Life

Don’t get Mad, as magazine vanishes from newsstands

NEW YORK • The news may just make some avid fans go mad.

Mad magazine, the once-subversive humour publication that helped redefine American satire, will – after October – cease being the fresh creative force that it was across seven decades.

“Age hits everybody: It hits magazines, it hits the movies, it hits technology,” said Mad cartoonist Sergio Aragones.

The magazine hit a peak of more than two million subscribers in the early 1970s. But commercial pressures have changed since the 1990s.

As circulation dwindled, the magazine owned by Warner shifted to a quarterly publishing schedule.

Now, the Mad brand will mostly endure by simply recirculating its vintage material, living on through the appeal of what it once was.

“We’ve influenced or entertained a great many people who are now grown and introducing it to their children,” Mad cartoonist Al Jaffee said. “It’s mostly nostalgia now.”
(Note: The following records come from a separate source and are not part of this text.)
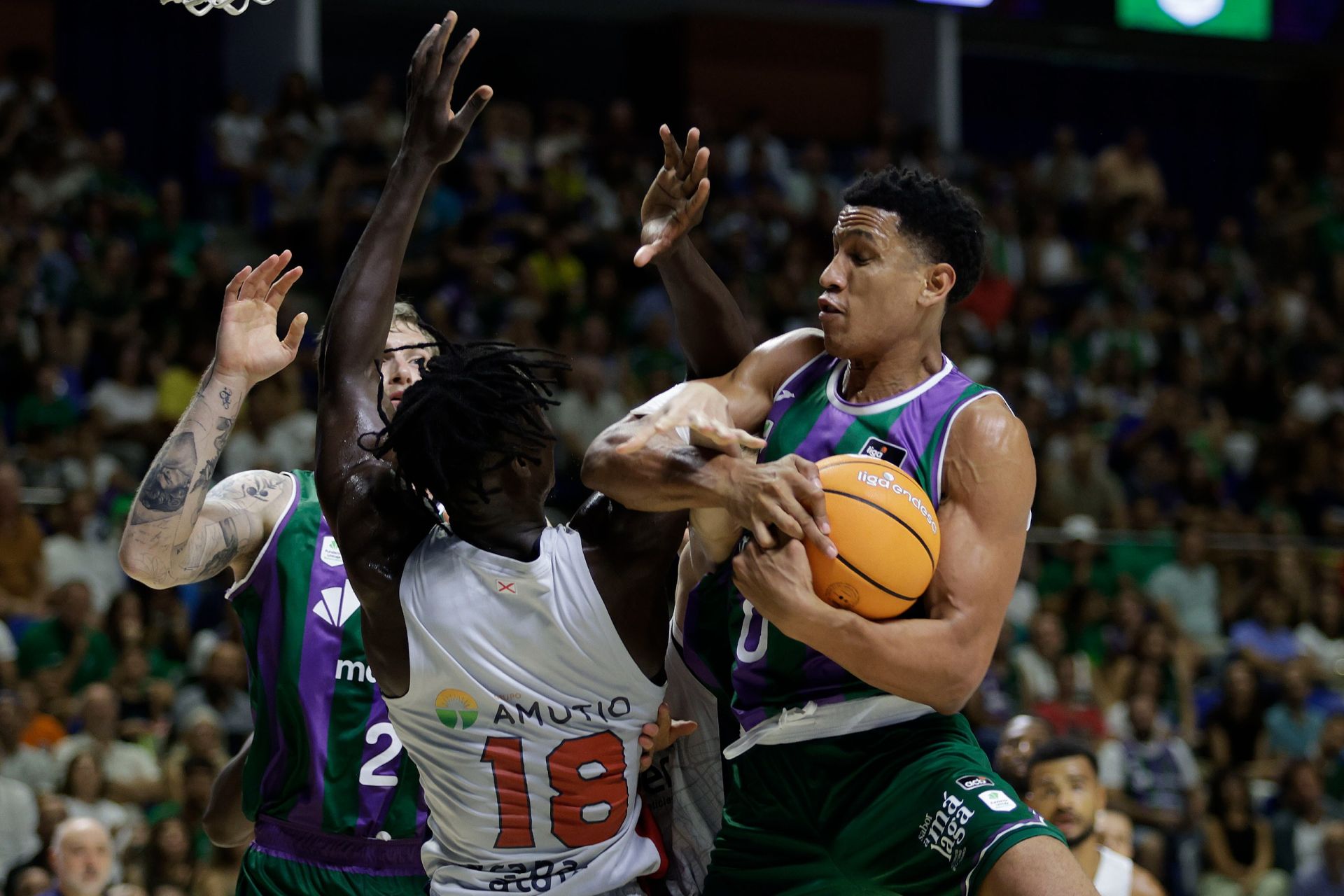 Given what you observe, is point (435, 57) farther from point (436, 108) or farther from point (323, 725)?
point (323, 725)

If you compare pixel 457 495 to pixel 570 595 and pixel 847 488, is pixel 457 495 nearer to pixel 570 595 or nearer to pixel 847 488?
pixel 570 595

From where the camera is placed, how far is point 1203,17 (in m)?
15.2

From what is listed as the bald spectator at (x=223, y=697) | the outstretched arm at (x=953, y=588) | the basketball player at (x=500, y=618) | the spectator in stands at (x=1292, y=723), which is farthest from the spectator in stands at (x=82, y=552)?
the spectator in stands at (x=1292, y=723)

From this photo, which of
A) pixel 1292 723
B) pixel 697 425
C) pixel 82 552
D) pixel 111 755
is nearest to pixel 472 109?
pixel 697 425

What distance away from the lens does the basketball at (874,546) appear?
332 cm

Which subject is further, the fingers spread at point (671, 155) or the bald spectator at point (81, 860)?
the bald spectator at point (81, 860)

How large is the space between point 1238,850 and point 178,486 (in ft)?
26.4

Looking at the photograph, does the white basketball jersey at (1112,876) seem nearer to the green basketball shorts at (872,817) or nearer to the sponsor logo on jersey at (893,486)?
the green basketball shorts at (872,817)

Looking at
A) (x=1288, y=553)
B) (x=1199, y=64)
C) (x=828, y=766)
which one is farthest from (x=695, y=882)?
(x=1199, y=64)

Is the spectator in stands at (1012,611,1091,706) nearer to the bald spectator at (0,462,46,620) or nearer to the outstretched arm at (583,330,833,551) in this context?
the bald spectator at (0,462,46,620)

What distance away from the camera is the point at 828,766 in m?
3.68

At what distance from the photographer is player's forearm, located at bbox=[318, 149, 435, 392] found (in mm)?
3609

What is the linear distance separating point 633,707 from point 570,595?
1.09 feet

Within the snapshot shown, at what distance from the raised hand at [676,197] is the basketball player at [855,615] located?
14.5 inches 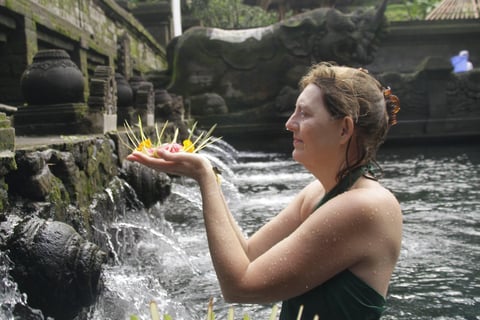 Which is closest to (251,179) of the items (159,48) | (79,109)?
(79,109)

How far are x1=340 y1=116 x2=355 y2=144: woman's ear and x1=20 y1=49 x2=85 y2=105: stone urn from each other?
191 inches

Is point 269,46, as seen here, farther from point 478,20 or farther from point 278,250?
point 278,250

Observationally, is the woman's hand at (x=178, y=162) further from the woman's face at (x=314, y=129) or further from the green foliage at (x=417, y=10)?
the green foliage at (x=417, y=10)

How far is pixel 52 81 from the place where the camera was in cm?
564

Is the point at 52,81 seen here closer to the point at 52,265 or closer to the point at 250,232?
the point at 250,232

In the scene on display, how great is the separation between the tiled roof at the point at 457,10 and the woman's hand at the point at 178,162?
20068 mm

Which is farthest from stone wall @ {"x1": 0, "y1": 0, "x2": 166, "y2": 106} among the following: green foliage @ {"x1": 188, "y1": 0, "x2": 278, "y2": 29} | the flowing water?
green foliage @ {"x1": 188, "y1": 0, "x2": 278, "y2": 29}

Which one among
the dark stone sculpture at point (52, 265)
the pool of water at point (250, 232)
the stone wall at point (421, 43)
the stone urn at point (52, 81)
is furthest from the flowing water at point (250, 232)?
the stone wall at point (421, 43)

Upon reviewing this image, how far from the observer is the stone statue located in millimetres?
15688

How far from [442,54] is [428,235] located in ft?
46.7

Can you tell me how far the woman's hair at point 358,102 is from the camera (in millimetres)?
1372

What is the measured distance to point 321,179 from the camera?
152 centimetres

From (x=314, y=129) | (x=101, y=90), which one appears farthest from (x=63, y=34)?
(x=314, y=129)

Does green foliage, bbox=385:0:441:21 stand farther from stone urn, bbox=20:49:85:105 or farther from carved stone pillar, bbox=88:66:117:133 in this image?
stone urn, bbox=20:49:85:105
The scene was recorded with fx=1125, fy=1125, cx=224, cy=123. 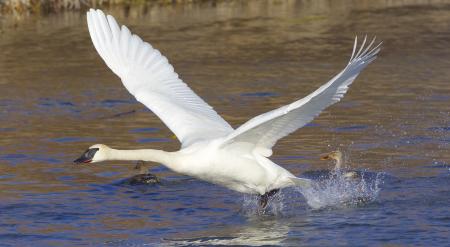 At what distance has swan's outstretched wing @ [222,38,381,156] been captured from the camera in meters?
8.76

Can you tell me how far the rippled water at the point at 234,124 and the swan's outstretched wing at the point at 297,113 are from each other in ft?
2.71

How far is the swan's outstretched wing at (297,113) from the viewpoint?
8758 mm

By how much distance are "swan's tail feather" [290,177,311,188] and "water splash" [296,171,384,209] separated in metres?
0.13

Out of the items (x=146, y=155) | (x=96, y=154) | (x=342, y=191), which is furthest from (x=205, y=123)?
(x=342, y=191)

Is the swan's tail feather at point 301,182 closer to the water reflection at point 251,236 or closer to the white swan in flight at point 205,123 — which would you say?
the white swan in flight at point 205,123

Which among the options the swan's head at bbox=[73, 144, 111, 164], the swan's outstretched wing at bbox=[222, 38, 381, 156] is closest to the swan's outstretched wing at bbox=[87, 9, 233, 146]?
the swan's outstretched wing at bbox=[222, 38, 381, 156]

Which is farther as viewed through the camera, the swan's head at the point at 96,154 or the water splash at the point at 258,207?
the water splash at the point at 258,207

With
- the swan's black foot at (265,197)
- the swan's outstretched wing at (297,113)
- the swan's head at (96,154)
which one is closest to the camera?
the swan's outstretched wing at (297,113)

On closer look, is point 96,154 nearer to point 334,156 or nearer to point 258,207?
point 258,207

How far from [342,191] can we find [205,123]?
62.1 inches

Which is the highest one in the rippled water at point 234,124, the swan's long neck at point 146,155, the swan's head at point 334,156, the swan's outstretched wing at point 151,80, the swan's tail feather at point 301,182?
the swan's outstretched wing at point 151,80

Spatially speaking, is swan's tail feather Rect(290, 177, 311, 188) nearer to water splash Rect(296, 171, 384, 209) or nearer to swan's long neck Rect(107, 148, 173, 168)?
water splash Rect(296, 171, 384, 209)

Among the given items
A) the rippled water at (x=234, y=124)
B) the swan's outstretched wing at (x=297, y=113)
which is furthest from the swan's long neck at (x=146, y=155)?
the rippled water at (x=234, y=124)

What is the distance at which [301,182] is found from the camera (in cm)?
1012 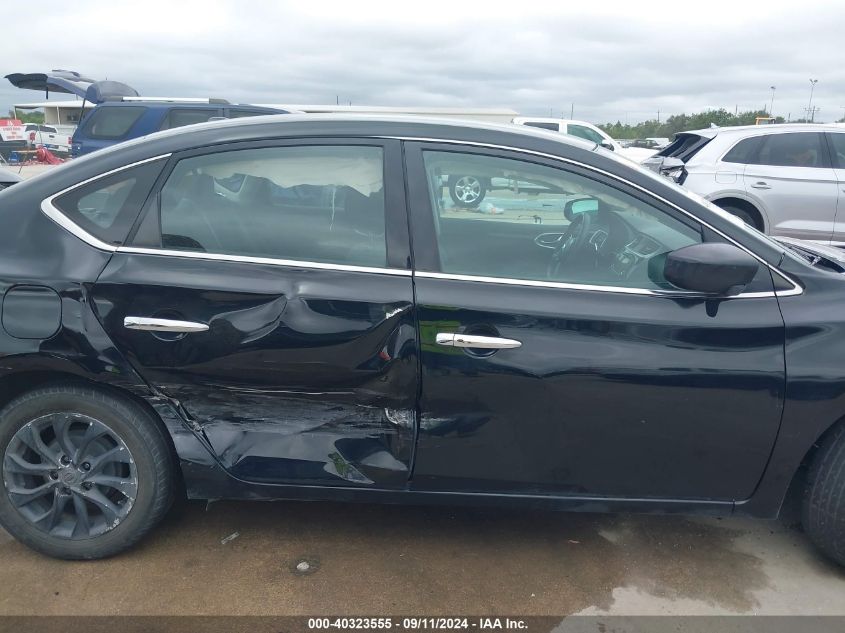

Mad will begin disappearing from newsstands though it will remain available to subscribers and through comic shops. After this autumn, it will produce no new content, except for year-end specials.

All issues after that will be republished content culled from 67 years of publication and Mad will continue to publish books and special collections, sources said.

Veterans of the magazine said Mad was a victim of its own success. “Its smart satire, and irreverent and self-deprecating humour spawned generations of humorists who brought those sensibilities to books, film, TV and the Internet,” said Mad artist Tom Richmond. “New generations then received their satirical influences from these new media stars, not knowing where the source came from. Even up until the end, Mad was doing sharp satirical work but, ultimately, audiences were elsewhere.”